Shirataki (白滝, often written with the hiragana しらたき) are thin, translucent, gelatinous traditional Japanese noodles made from the konjac yam (devil's tongue yam or elephant yam).[1] The word "shirataki" means "white waterfall", describing the appearance of these noodles. Largely composed of water and glucomannan, a water-soluble dietary fiber, they are very low in digestible carbohydrates and calories, and have little flavor of their own.[2][3][4]

Shirataki noodles can be found both in dry and soft "wet" forms in Asian markets and some supermarkets. When purchased wet, they are packaged in liquid. They normally have a shelf life of up to one year. Some brands may require rinsing or parboiling, as the water in which the noodles are packaged may have an odor some perceive as unpleasant.

Alternatively, the noodles can be drained and dry-roasted, which diminishes bitterness and gives the noodles a more pasta-like consistency. Dry-roasted noodles may be added to soup stock or have a sauce added to them.[5]


The glucomannan noodles come from the root of an Asian plant called konjac (full name Amorphophallus konjac). It has been nicknamed the elephant yam, and also called konjaku, konnyaku, or the konnyaku potato.[6]

Other names

Shirataki also goes by the names "ito konnyaku", yam noodles, and devil's tongue noodles.[7]
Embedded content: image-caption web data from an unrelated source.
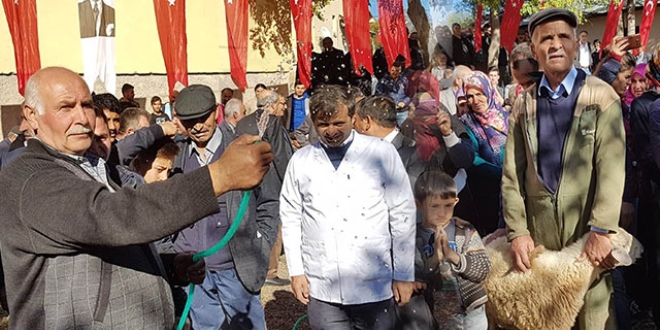 Sivas'ta köylülerin 60 yıl sonra su sevinci
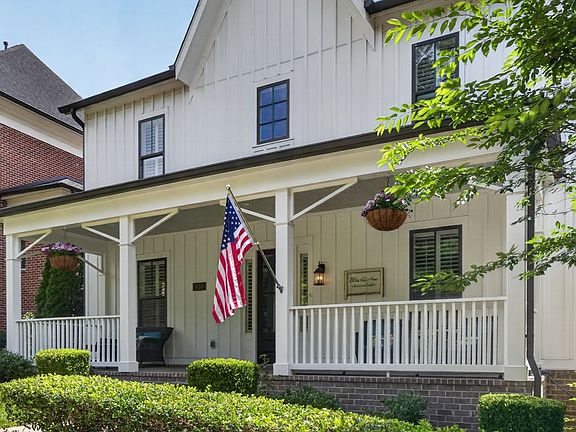 3rd image of 624 Lockwood Ln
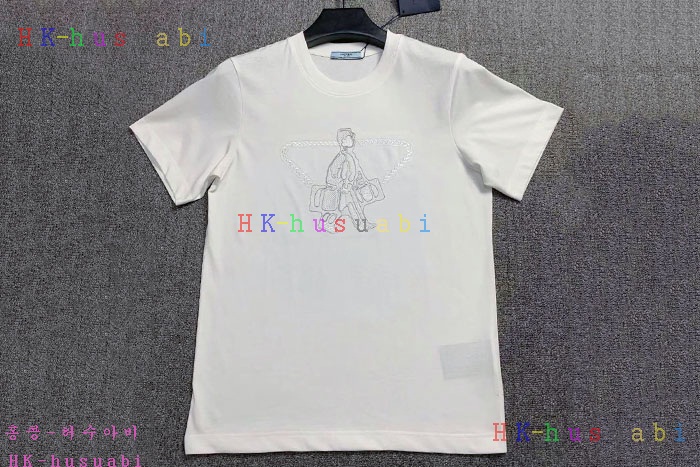 NEW 프라다 반팔티 신상 P 628005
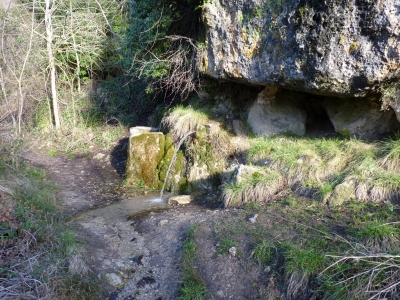 Fuente de la Cueva de la Zarza - imagen 7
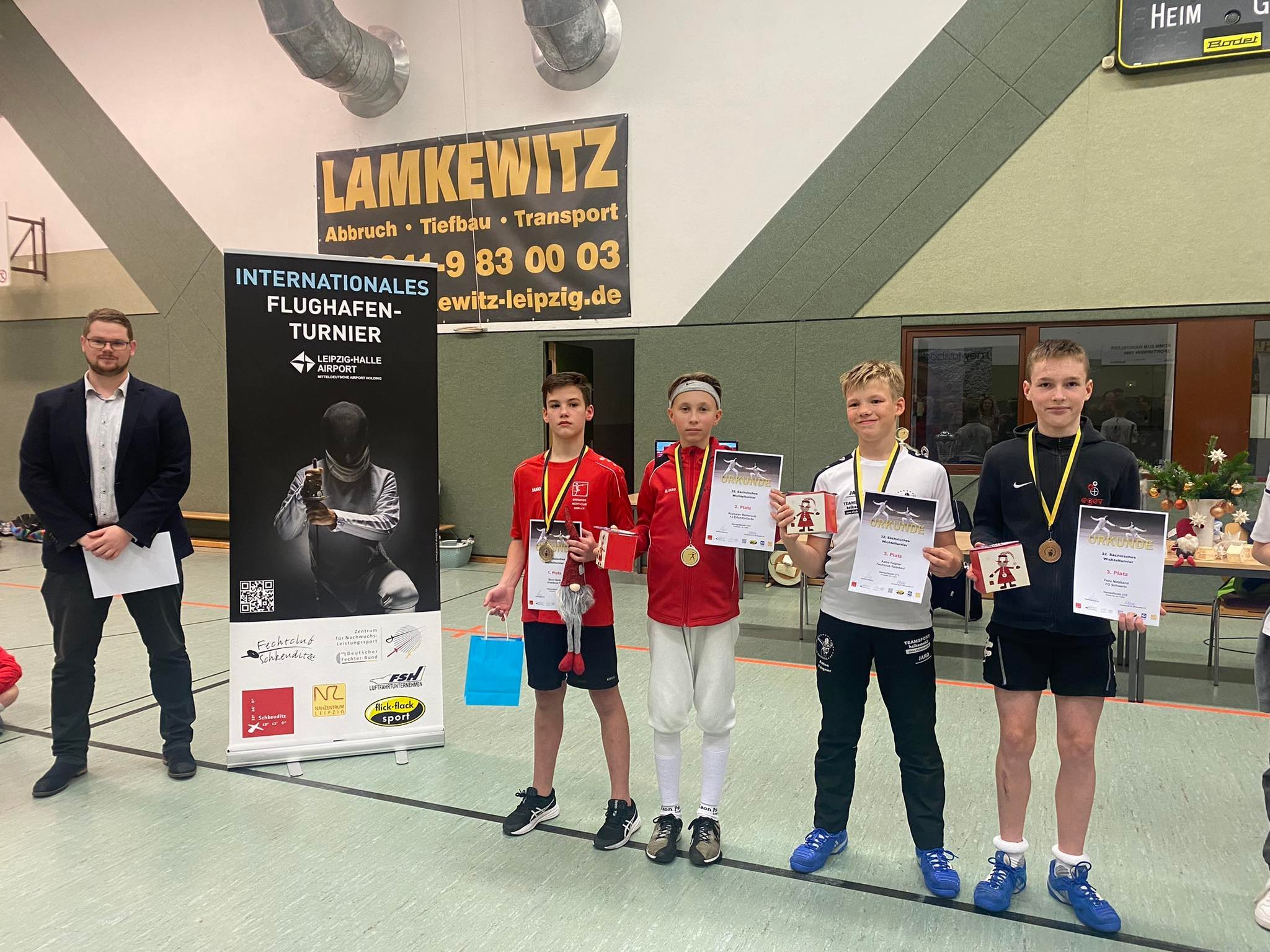 Юний фехтувальник з Миколаєва став срібним призером на турнірі в Німеччині (ФОТО) 3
Ito konnyaku and shirataki

There used to be a difference in manufacturing methods; in the Kansai region of Japan, ito konnyaku was prepared by cutting konnyaku jelly into threads, while in the Kantō region, shirataki was prepared by extruding konnyaku sol through small holes into a hot lime solution in high concentration.[8] Nowadays, both are prepared using the latter method. Ito konnyaku is generally thicker than shirataki, with a square cross section and a darker color. It is preferred in the Kansai region.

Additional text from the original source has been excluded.